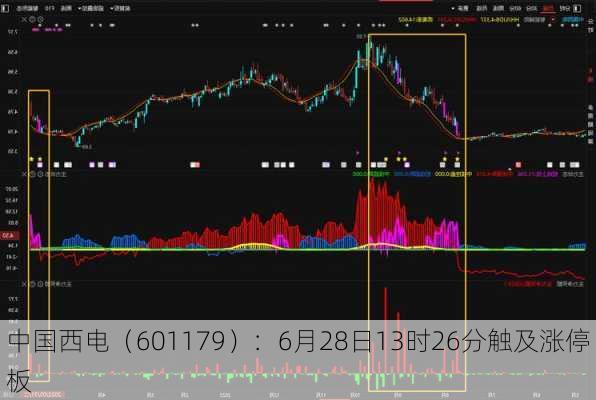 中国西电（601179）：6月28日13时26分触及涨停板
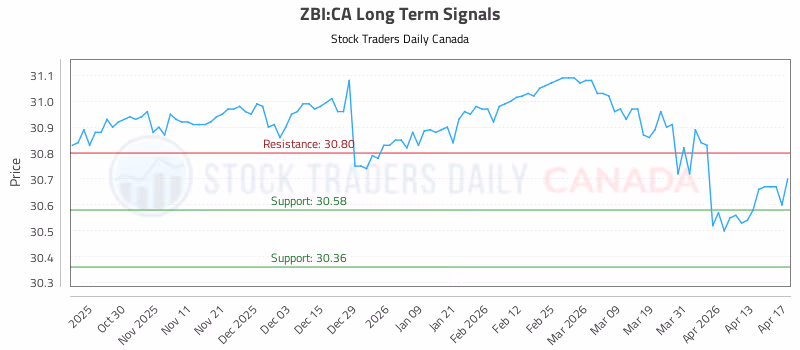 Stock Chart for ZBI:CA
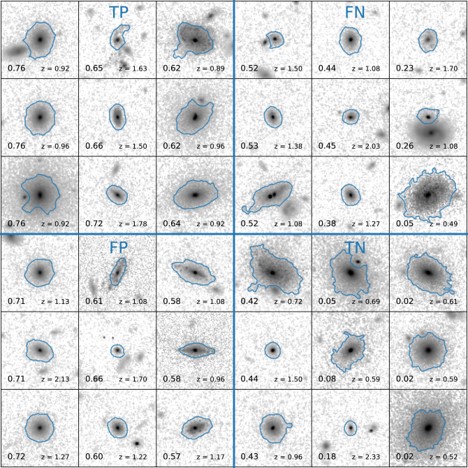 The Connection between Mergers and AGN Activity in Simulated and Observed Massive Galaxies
★ ★ ★ ★ ★
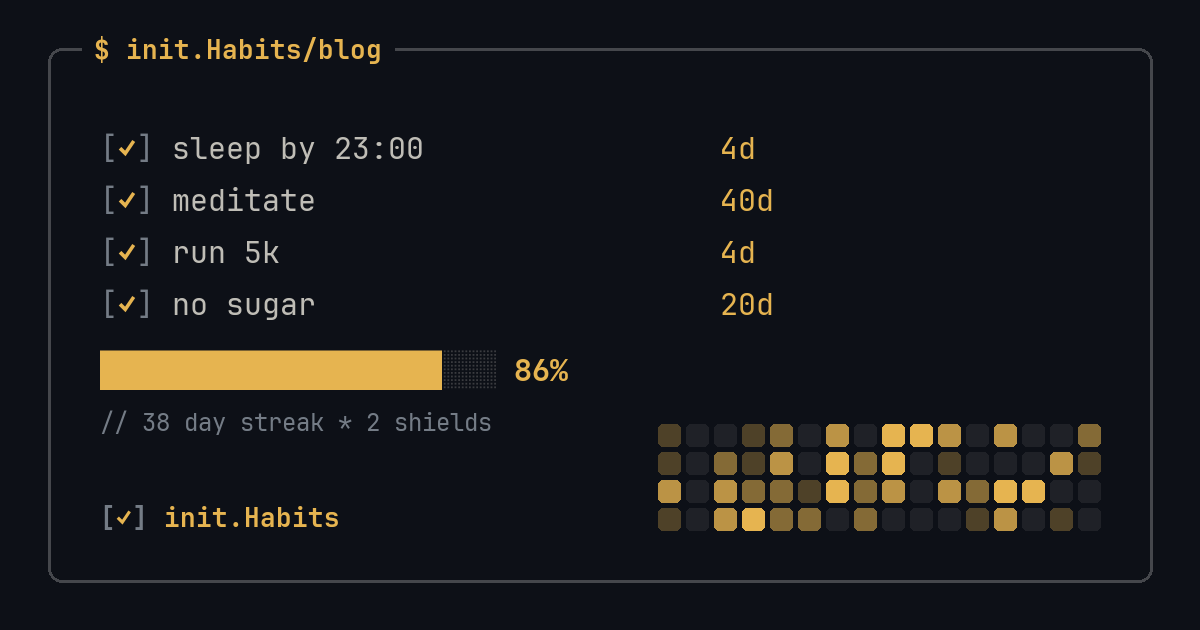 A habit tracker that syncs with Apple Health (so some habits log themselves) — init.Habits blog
★ ★ ★ ★ ★
Set down word for word the lines above from the one with "Stock Chart for ZBI:CA" up to and including the one with "The Connection between". Omit every picture.

ANSWER SECTION>
 Stock Chart for ZBI:CA
 The Connection between Mergers and AGN Activity in Simulated and Observed Massive Galaxies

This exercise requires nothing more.